Now securely in control, Gould directed the Erie to pay his own private construction companies to lay track. No work was done. Gould pocketed the money, and the Erie’s share price fell sharply. When several British shareholders tried to stop him, Gould refused to recognize their voting rights. A judge ruled against the shareholders when they sued.
In an age of scandal and corruption, Jay Gould was regarded as a master of bribery and insider stock manipulation. He paid off President Grant's brother-in-law to learn the president's intentions about government gold sales; he bribed members of New York's legislature; and he tried to corner the gold market.
Workers
The Knights of Labor organized strikes against Jay Gould’s southwest railroad system in 1884 and 1886. According to the the New York Times in March 29, 1886 the reason for the strike was that Gould mistreated 15,000 out of 18,000 of the workers employed by his railroad by paying them “slave wages” for their work.

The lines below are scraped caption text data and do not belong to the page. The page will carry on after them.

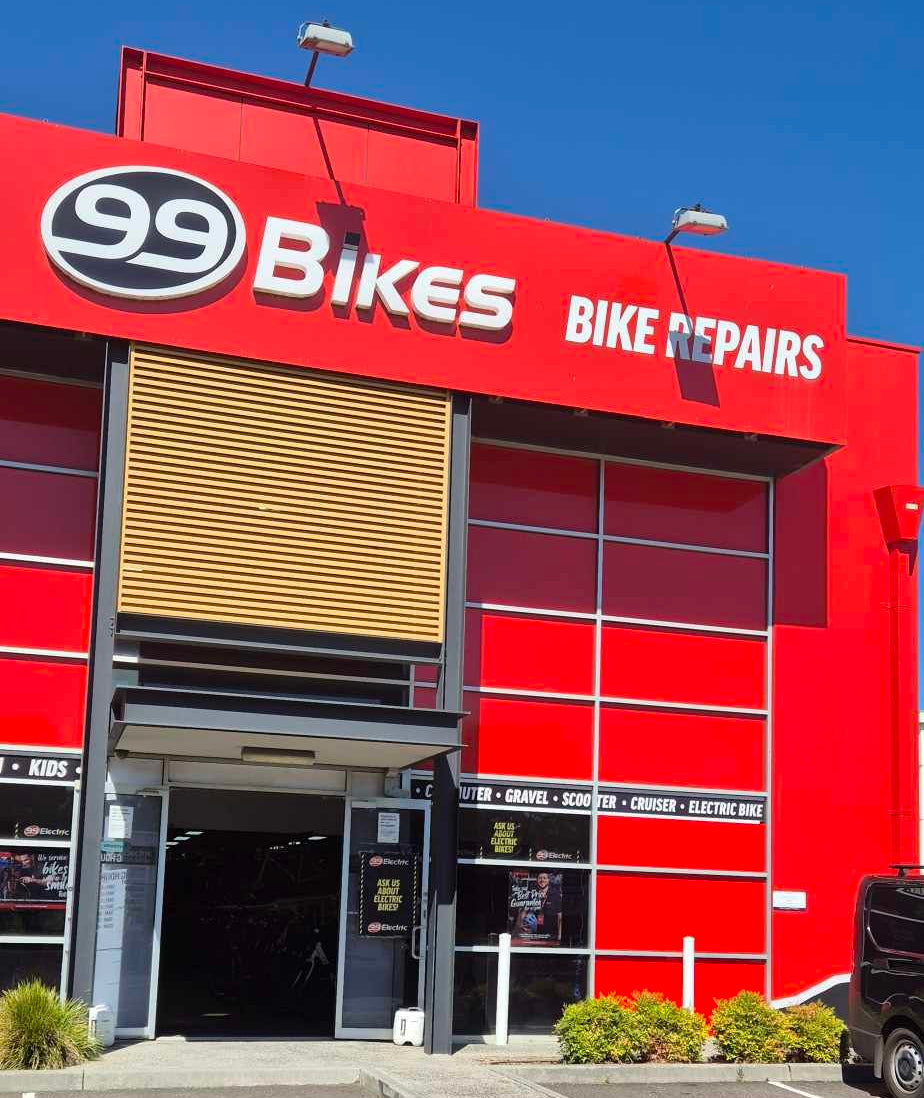 Red building with '99 Bikes' branding and bike repair services on a clear day.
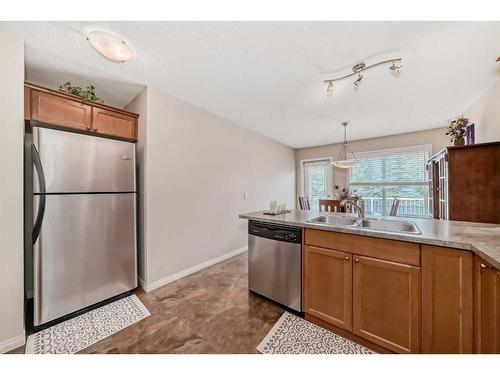 350 Ranch Ridge Court, Strathmore, AB - Indoor Photo Showing Kitchen With Double Sink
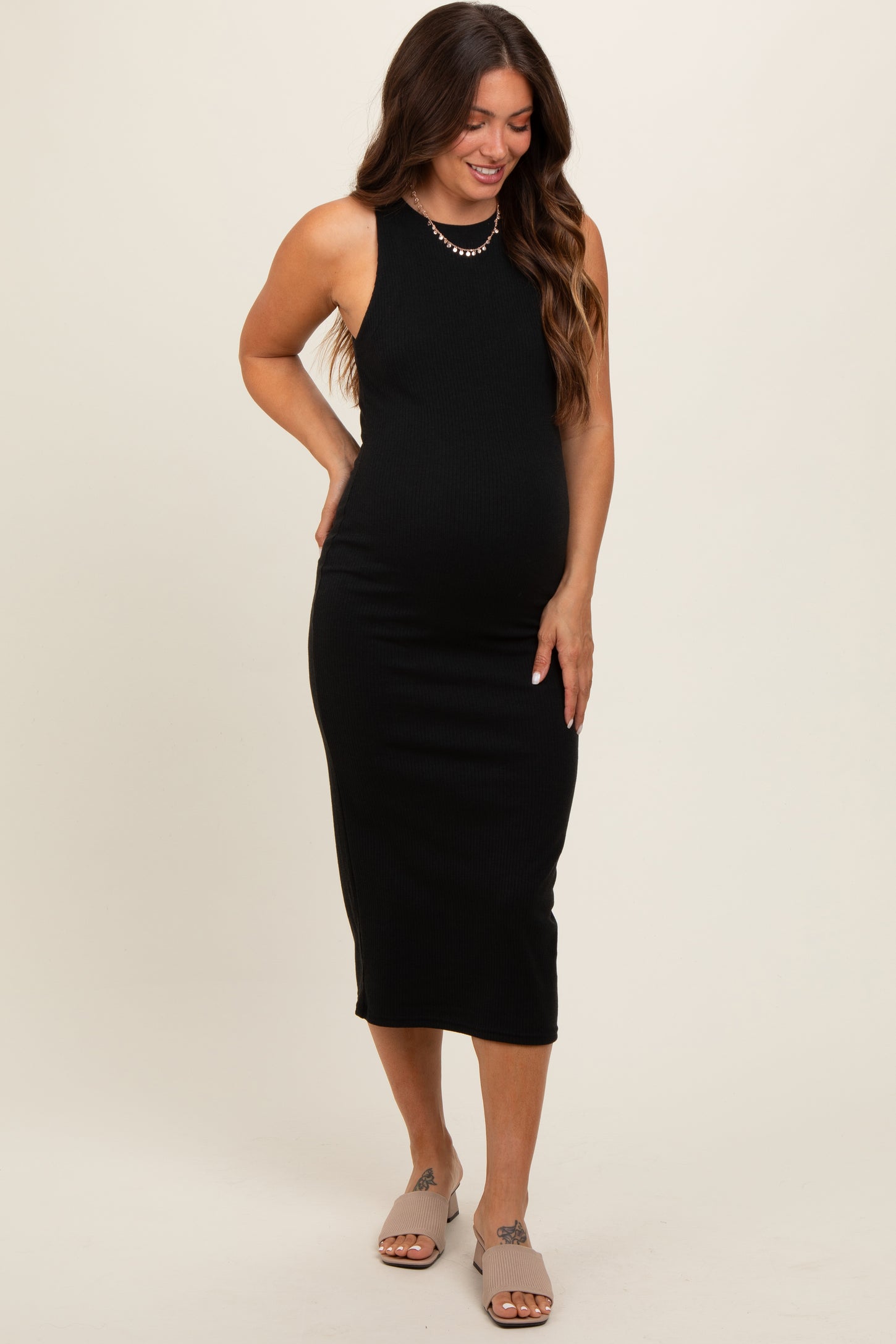 woman wearing a black ribbed maternity midi dress and showcasing her baby bump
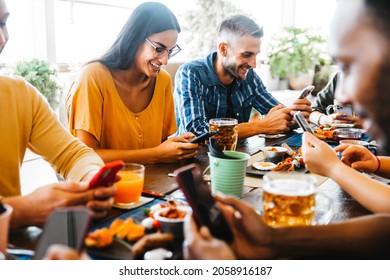 Group of young people using smart phone mobile sitting at bar restaurant - Addicted teenagers by technology watching cellphones together - Happy friends ordering food by phone - Food and tech concept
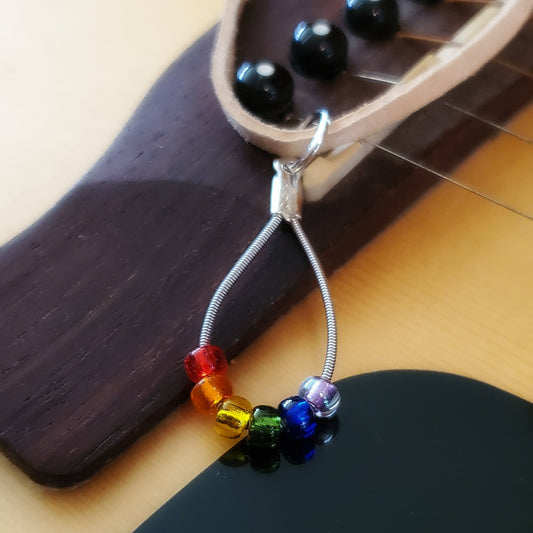 necklace made from an upcycled guitar string - 6 glass beads represent the colours of the LGBTQ flag (red, orange, yellow, green, blue and purple) and a beige suede cord on the bridge of a beige guitar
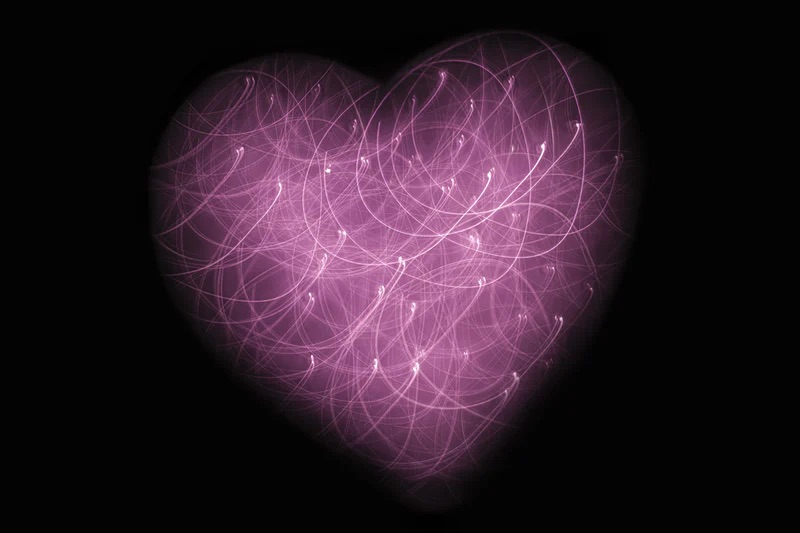 A burgundy heart shaped by strands of beautiful light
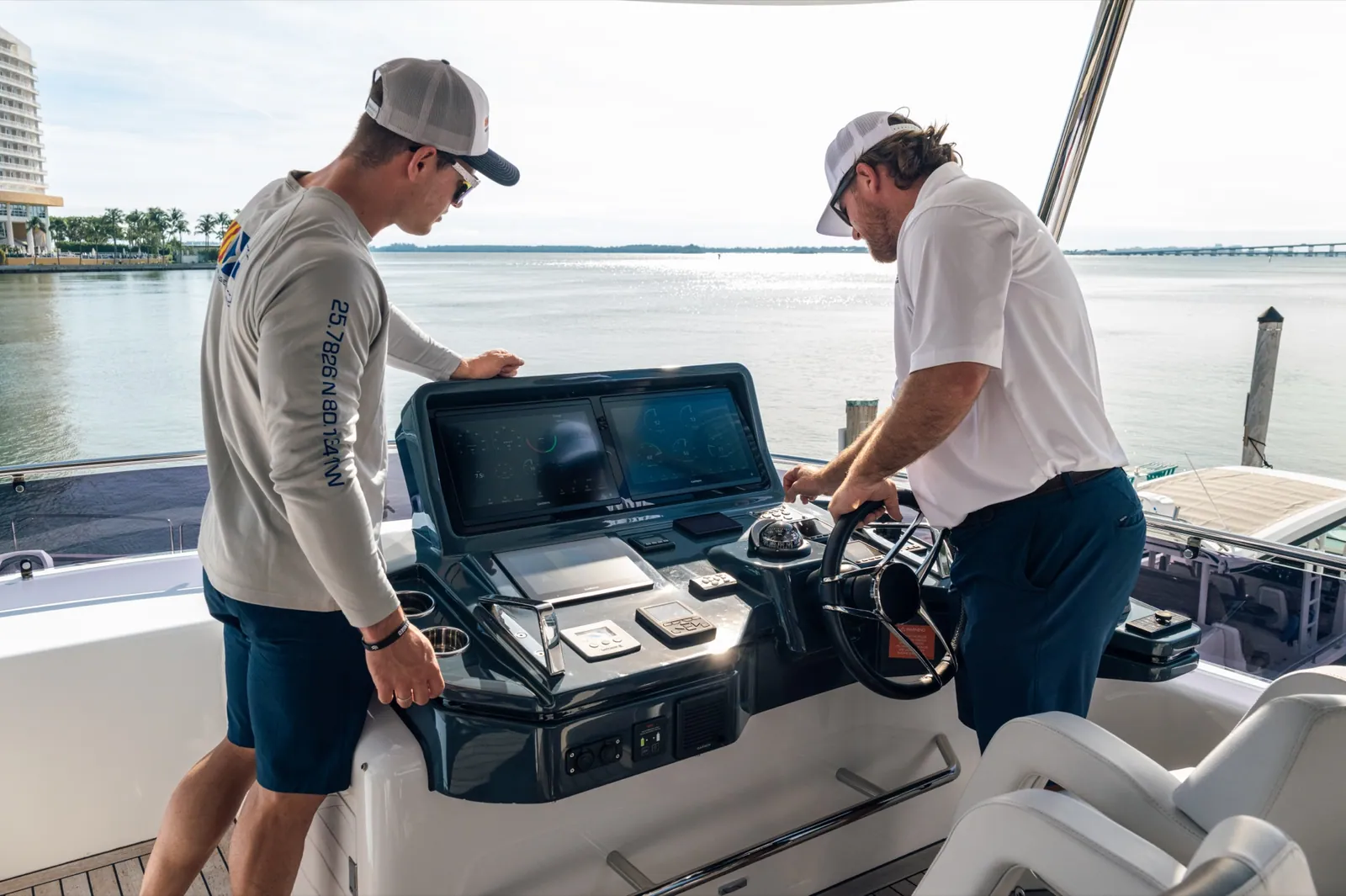 Two YMS crew at the helm console of a yacht, open water past the windshield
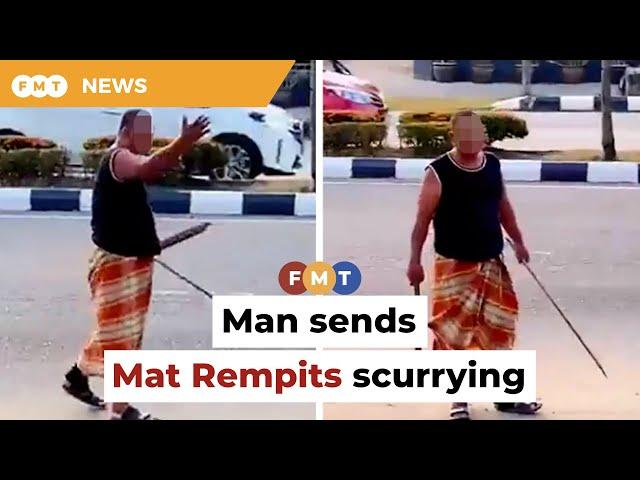 Man brandishing sticks drives away noisy Mat Rempits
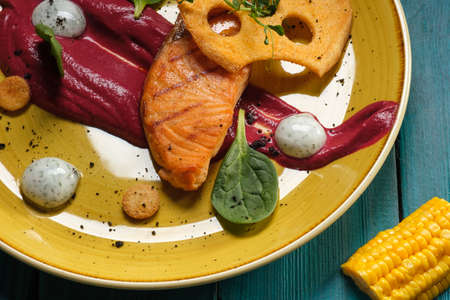 Baked salmon fillet with tomato sauce and cream sauce in bags decorated with greens and edible chips on an orange plate standing on a blue backgroundの写真素材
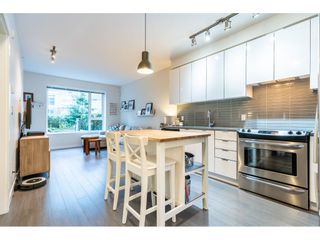 Photo 3: 101 9168 SLOPES Mews in Burnaby: Simon Fraser Univer. Condo for sale in "VERITAS BY POLYGON" (Burnaby North)  : MLS®# R2443492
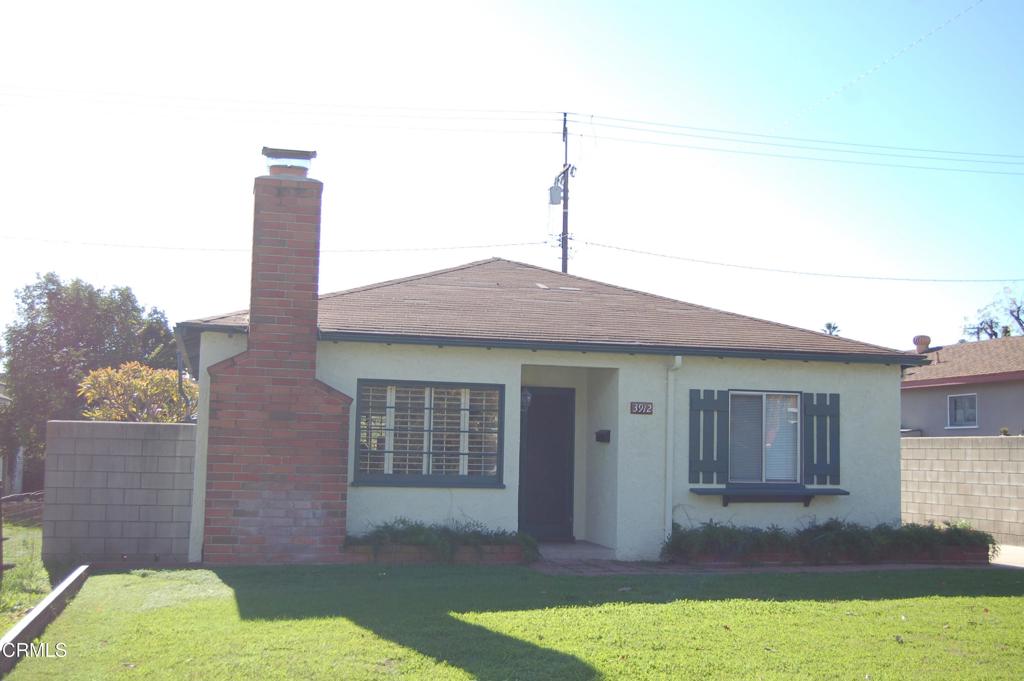 3912 Mohawk Street Pasadena, CA 91107 - Photo 2 of 24 a front view of a house with a yard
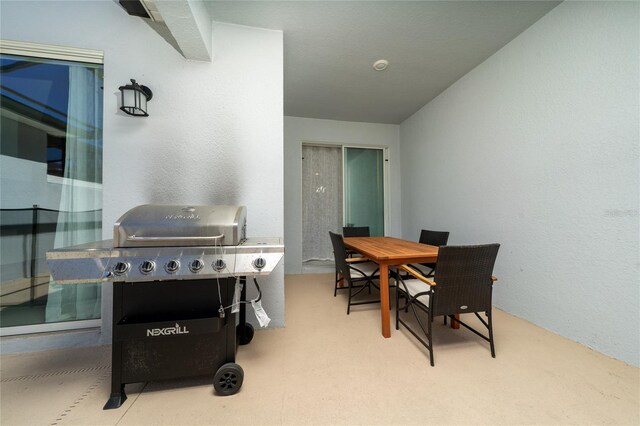 view of patio / terrace featuring outdoor dining area and area for grilling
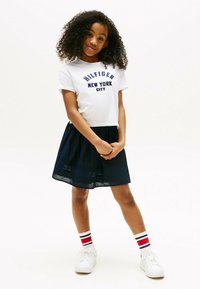 T-shirt bianco a maniche corte con stampa "HILFIGER NEW YORK CITY", abbinato a una gonna blu scuro. Sneakers bianche e calzini a righe completano l'outfit.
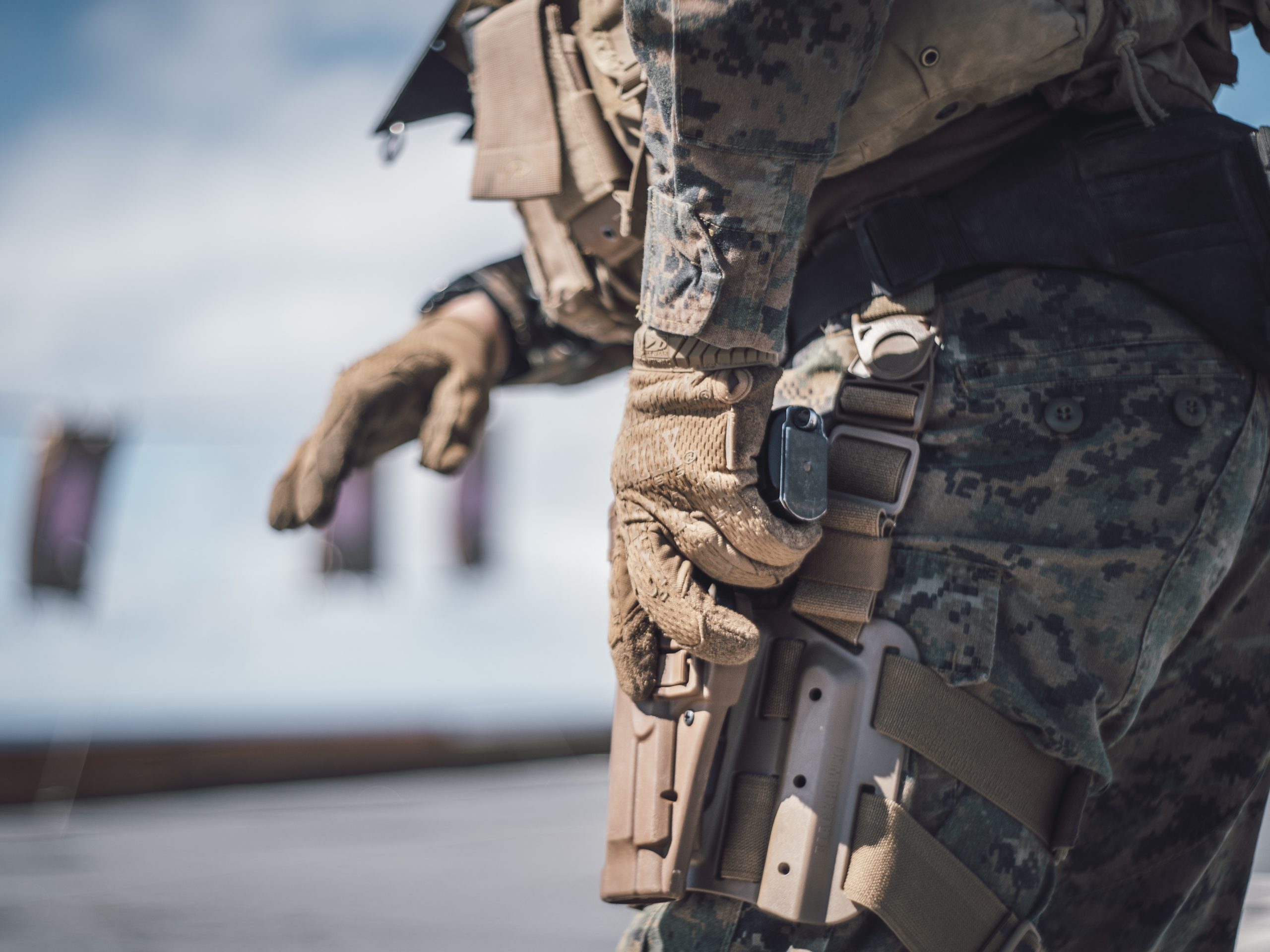 191110-M-HB658-2561 PACIFIC OCEAN (Nov. 10, 2019) U.S. Marine Corps 1st Lt. Luke Boyd, the combined anti-armor team platoon commander with Weapons Company, Battalion Landing Team 3/5, 11th Marine Expeditionary Unit (MEU), draws an M9 pistol during a small arms range aboard the San Antonio-class amphibious transport dock ship USS John P. Murtha (LPD 26). The Marines and Sailors of the 11th MEU are conducting routine operations as part of the Boxer Amphibious Ready Group in the eastern Pacific Ocean. (U.S. Marine Corps photo by Staff Sgt. Donald Holbert)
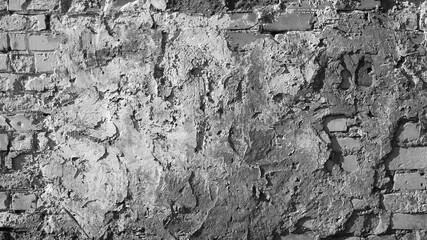 gray background, in the photo an old brick wall and cement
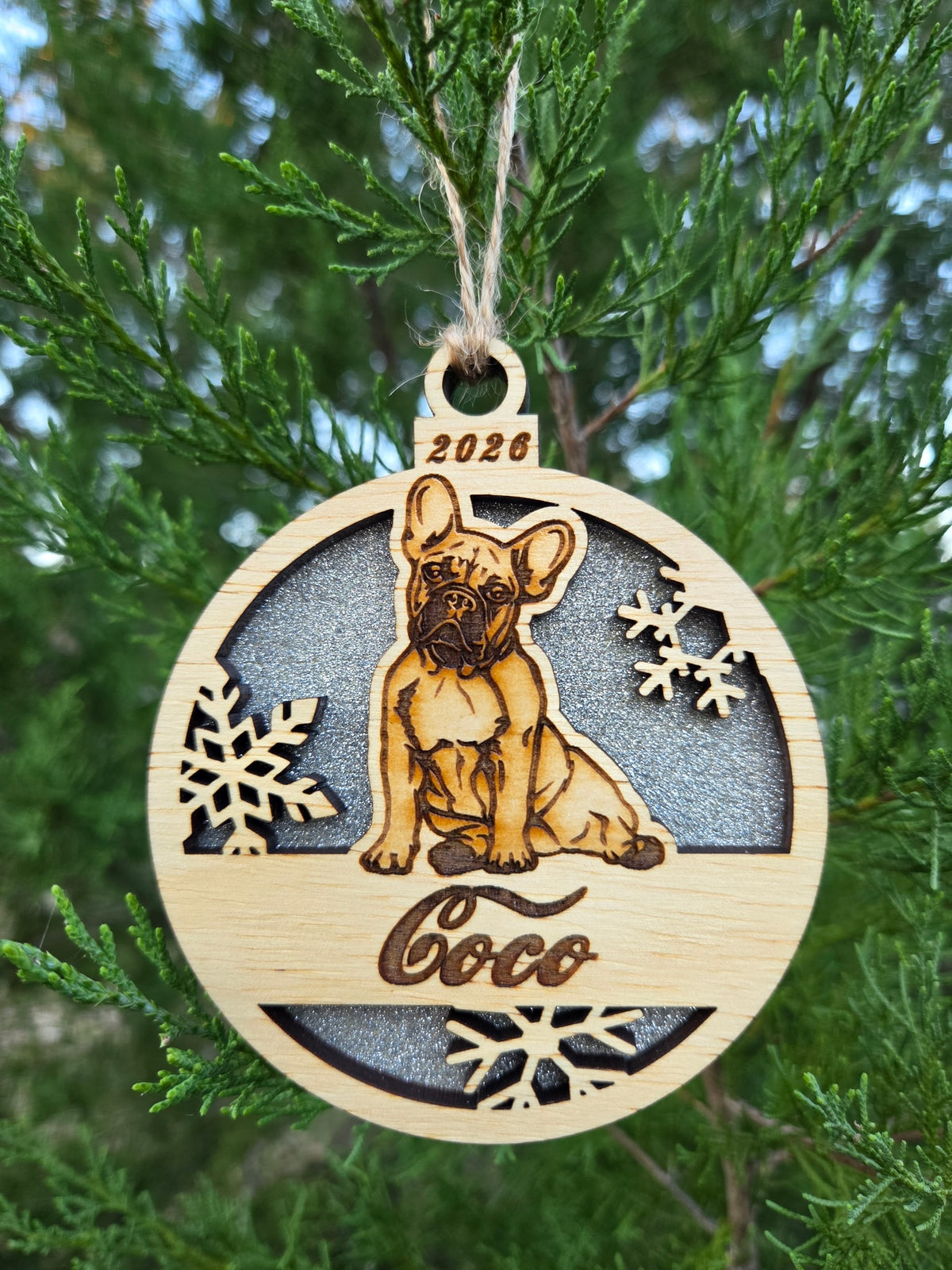 Sitting French Bulldog and snowflakes ornament with a silver glitter back, engraved Coco and 2026, on an evergreen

However, Socialist and Labor organizer Eugene Debs wrote in 1893 "Already, lodges of workingmen on lines of railroad controlled by Jay Gould are bearing public testimony of his generous treatment — and one word from such men is more than a thousand columns of newspaper detraction or the vapid utterances of pulpits — and the fact that he placed his interests in a man like S.H.H. Clark is proof conclusive that he was animated by a sincere desire to promote fair dealing with employees on all of his great lines of railroad."
Philanthropy
Gould lived in a time when corruption was common among judges, politicians, and presidential advisors. Some corrupt individuals were caught and punished. Jay Gould, on the other hand, died a very wealthy man. His six children inherited his $77 million fortune; the oldest, George Jay Gould, became a railroad baron in his own right, but without the unethical taint of his father. Unlike other wealthy industrialists of the era, the tightfisted Jay Gould did not pursue philanthropic efforts, neither in his own lifetime nor through his death. His story illustrates the remarkable flavor of politics and business in the Gilded Age.